Author of the article:
Taylor Blewett
Publishing date:
Aug 31, 2020 • Last Updated 11 hours ago • 5 minute read
Faceshields, hand sanitizer and masks sit ready on a teacher's desk in a classroom. PHOTO BY PAUL CHIASSON /THE CANADIAN PRESS
When Ontario children trudge home at the end of the school day, a number of school board staff who spent the day supporting these students will head off to other locations and clock in to secondary jobs in long-term care homes and other congregate-living facilities.
It’s longstanding industry practice, born of financial necessity, that’s setting off alarm bells at a time when a deadly, contagious disease is barely subdued.
And, despite all the talk of bubbles and cohorts and an iron ring around the vulnerable, the province has not revealed specific plans to address the possibility of COVID-19 transmission via concurrent employment in education and congregate care.
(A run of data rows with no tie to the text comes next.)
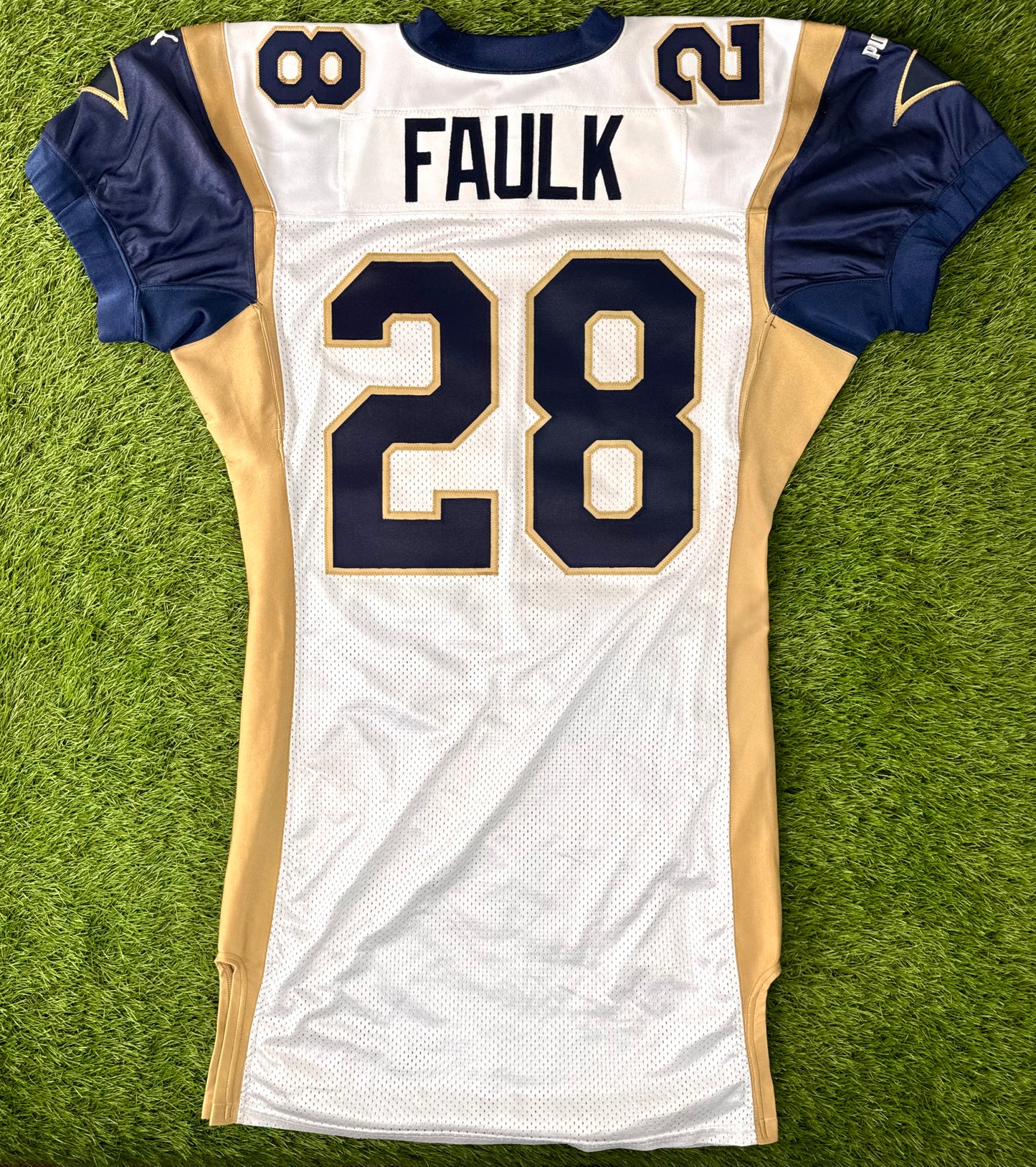 St. Louis Rams Marshall Faulk 2000 Team Issued NFL Football Jersey (48/XL)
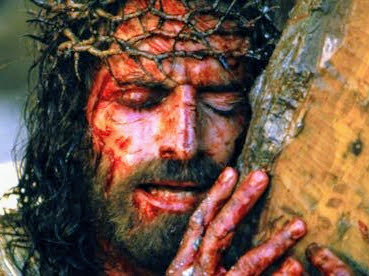 Thorn again  Jim Caviezel as Jesus in Mel Gibson's The Passion of the Christ (2004).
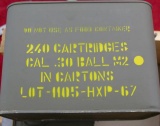 480 rds of 30 cal M2 Ball Ammo
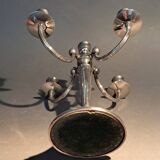 Silver plated 5 candle chandelier, England 1960.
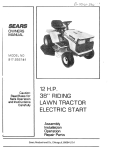 Sears 917.255741 Owner`s manual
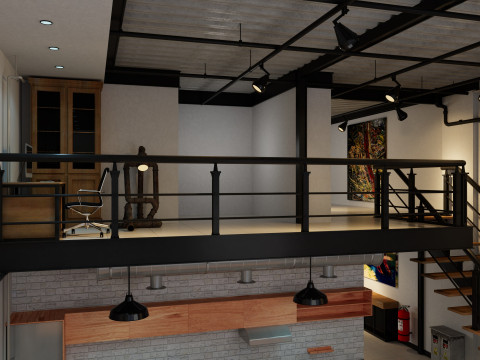 Warehouse Home Loft Office 2 Modello 3D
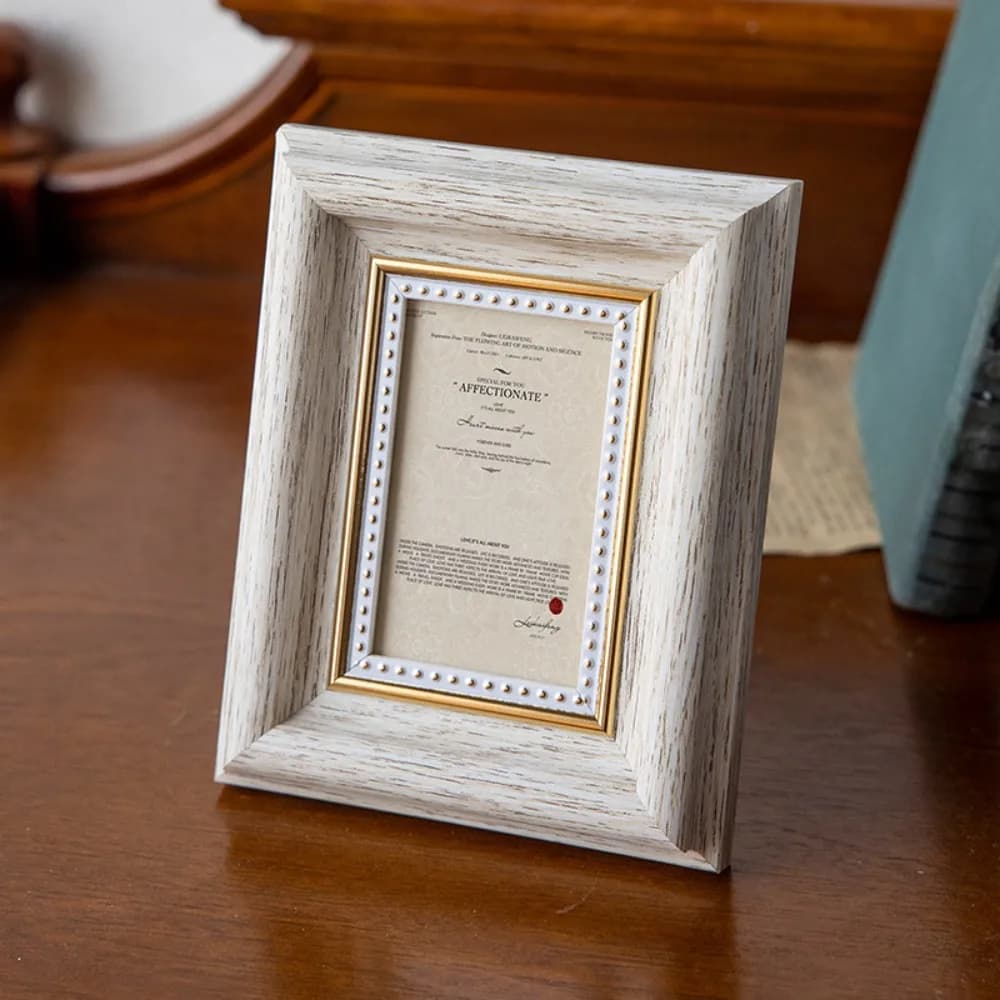 2 old rustic small frames, 3 inch square frames, hand-made photo frames for office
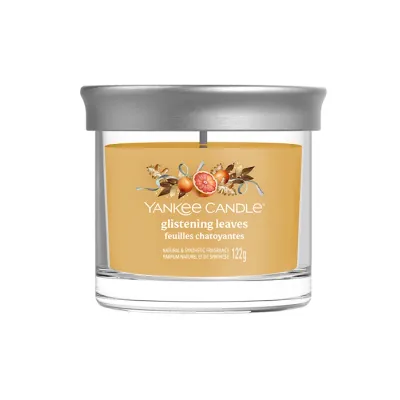Yankee Candle Signature Tumbler świeca zapachowa Glistening Leaves 122 g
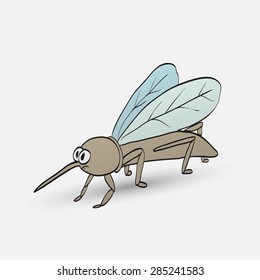 nasty cartoon mosquito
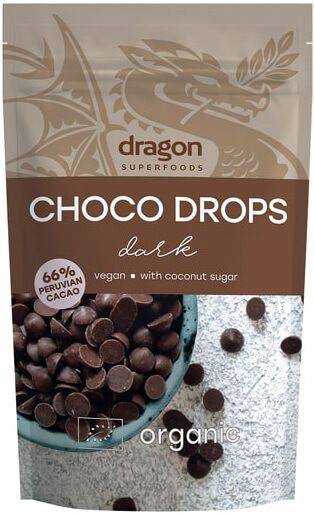 Choco drops dark, eco-bio, 250g - ds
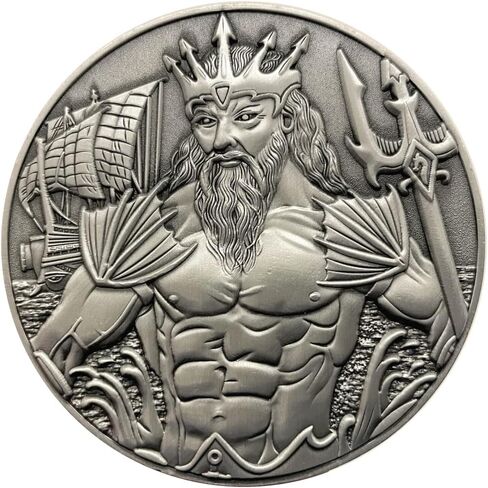 Anubis - Large Collectible Display Coin, Includes Stand, 3D Dual-Sided, 2.75", 4oz, Zinc Alloy in Saudi Arabia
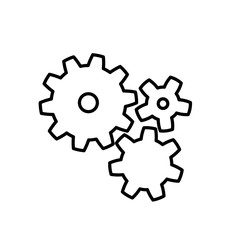 Settings icon with additional gears icon, Cogwheel and development vector illustration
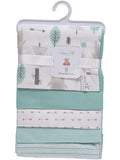 Rene Rofe Baby 5-Pack Flannel Baby Receiving Blanket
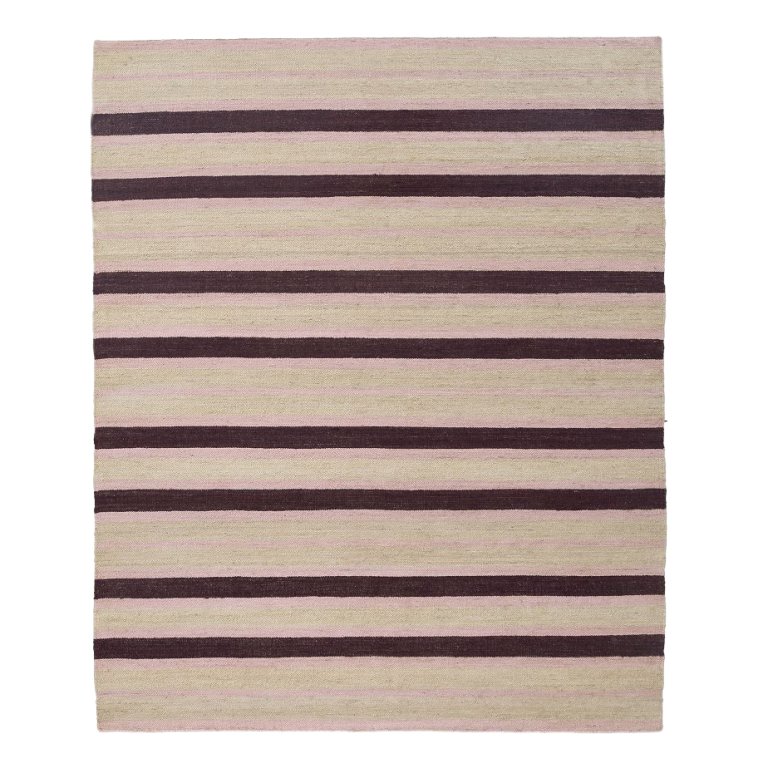 purple and pink striped rug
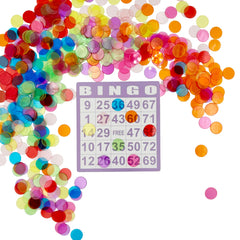 SUTIMSHE purple clear bingo chip for color-coding and classroom activities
“I lose sleep over this daily,” said Jane, an Ottawa woman who works in the developmental services sector and asked that her real name not be used for fear of professional reprisal. She estimates that about half of her colleagues — her agency employs several hundred — also work for school boards and are planning to return to those jobs this fall.
“Everybody needs the money,” Jane said. “It’s really discouraging because I know what’s going to happen. I know that as soon as those schools open … that these elderly and vulnerable people are going to start dying again.”
In the early days of the COVID-19 pandemic, when the virus was spreading through congregate-living facilities at breakneck speed, the Ontario government took steps to restrict the employment of long-term care and retirement-home workers to single residences and other congregate-care employees to residences operated by a single agency in their sector to reduce transmission of the virus between different facilities.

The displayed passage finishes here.